Que l’on ne vienne point m’accuser de défendre les sites djihadistes, mais personne ne peut revendiquer le monopole de la vérité, et donc, toutes les sensibilités doivent pouvoir s’exprimer. Je suis un ardent défenseur du droit à l’avortement mais je considère que les « pro-vies » (les mal nommés, puisqu’ils sont souvent pour la peine capitale tout en défendant les droits du nouveau-né) ont également le droit de diffuser leurs idées.
Mais encore faudrait-il que les liens entre Merah et l’islamisme soient avérés. Il n’a pas justifié ses actes par l’attrait de 72 vierges (le Coran ne mentionne pas le nombre exacte, c’est à la tradition que l’on doit le nombre de 72) auxquels supposément (à lire l’ouvrage d’Ibn Warraq sur le sujet : Virgins ? What virgins ?) ont droit les martyrs, ni même qu’une voix divine lui ait parlé pour lui dicter ses actes ! Il a seulement évoqué la mort des enfants palestiniens et afghans. En ce sens, ses actes ne relèvent pas du religieux mais du politique. Cela ne les rend pas moins ignobles pour autant, certes, mais de fait, Merah rentre dans la même catégorie que les terroristes de l’IRA qui, par exemple, avaient posé une bombe au quartier général d’un régiment de parachutiste en représailles des événements de Bloody Sunday. On avait point, alors, et à juste titre, blâmé le « catholicisme radical », mais aujourd’hui, on pointe du doigt l’islam radical. Si le fait d’avoir assassiné les militaires peut relever d’un acte de guerre, puisque l’armée française est intervenue en Afghanistan, l’assassinat des trois enfants et de l’enseignant juifs sont l’acte peut-être l’acte d’un désaxé, sans doute d’un psychopathe, plus certainement d’un idéologue jusqu’au-boutiste, mais pourquoi vouloir mettre cela sur le compte d’un lavage de cerveau ? Pour revenir à l’IRA, la Provisional Irish Republican Army avait fait exploser deux bombes dans des pubs en Angleterre à Guildford, tuant quatre militaires et un civil et en blessant soixante-cinq autres. Ils savaient bien que des civils risquaient d’être tués, mais ils ont pensé que c’était le prix à payer pour faire passer leur « message ». Merah est un assassin d’enfant. Comme les autres. Si son cerveau a été lavé, c’est au même titre que ceux qui s’engagent dans une armée régulière ou qui font partie de groupes terroristes « classiques ».
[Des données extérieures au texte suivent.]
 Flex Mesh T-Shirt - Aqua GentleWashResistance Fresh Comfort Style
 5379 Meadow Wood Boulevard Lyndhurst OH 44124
Ce n’est pas chez Merah qu’il faut chercher des signes du religieux, mais c’est chez les politiques. La minute de silence qui a été observée, n’est qu’une prière déguisée. L’imposer à des enfants relève d’une volonté fasciste d’un État à dicter à sa population les émotions qu’elle devrait entretenir. Par une gymnastique intellectuelle, on essaie de greffer du religieux sur les actes de Merah et où toute la France « communie » ensemble pour l’âme des défunts. De plus, accepter qu’Israël se mêle ainsi des affaires de la France constitue une aliénation inacceptable de notre souveraineté et une concession des plus troublantes faite à l’État juif. Tout le monde aurait crié au scandale si, mettons, un pays du Maghreb ou l’Arabie Saoudite, sous le prétexte que les militaires tués étaient de confession musulmane (l’étaient-ils vraiment ? Ils étaient peut-être d’origine arabe, mais que peut-on dire de leurs croyances ? Il se peut qu’ils aient été athées) avaient fait des commentaires sur l’affaire. Enfin, quand admettrons-nous qu’une sémantique différente eu égard au racisme dont sont victimes les juifs ne fait que créer du ressentiment chez les autres minorités. Pourquoi parler de « lutte contre le racisme et l’antisémitisme ». Le racisme envers les juifs mérite-t-il une qualification différente ? Supérieure ?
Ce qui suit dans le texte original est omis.